Safe area is very subjective. Often the "safest" areas are town are far from transit and not as easy to get to. Most downtowns often have higher crime but are much easier to get to and often are where many escorts seem to live.

True, "safe" is subjective.

I considered being a suburban escort for a while (there aren't a ton, least not near Toronto/in Ontario) because they seem like underserved areas and by luck, all the gents I attracted while living there were awesome and all except one have become repeat clients...plus the guys I traveled to in the 'burbs while living downtown were/are also great.  But in the end, there just aren't enough dudes hiring in the 'burbs (or not enough willing to hire close to home, at least--many go to the city or the hotels near the airport for encounters).  It seems that living downtown where there's a higher volume of people and you're closer to more hotels, is the better bet.

Maybe some providers on here have had success entertaining in the 'burbs long term, though.

Thanks for sharing, loved reading about the two hot room set-ups.
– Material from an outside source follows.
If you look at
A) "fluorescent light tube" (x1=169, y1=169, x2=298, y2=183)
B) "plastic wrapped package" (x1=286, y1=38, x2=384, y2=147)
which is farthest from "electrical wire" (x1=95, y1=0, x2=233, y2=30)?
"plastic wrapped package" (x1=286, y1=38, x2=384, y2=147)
Whether to have porn playing or not when the guy comes in is an interesting call.  Over the years, I've had guys ask for some to be playing in the background, whereas others have commented that they don't like it when other providers have porn on because they're concerned or annoyed at the possibility that the provider is stealing glances at the porn rather than concentrating on them.

I don't mind it either way.  It's hot background noise, but not required.  Will happily put it on if requested, or have it on already if I'm with a regular who I know enjoys it.  Best bet seems to be to default to having it playing, and the gent can ask for it to be turned off.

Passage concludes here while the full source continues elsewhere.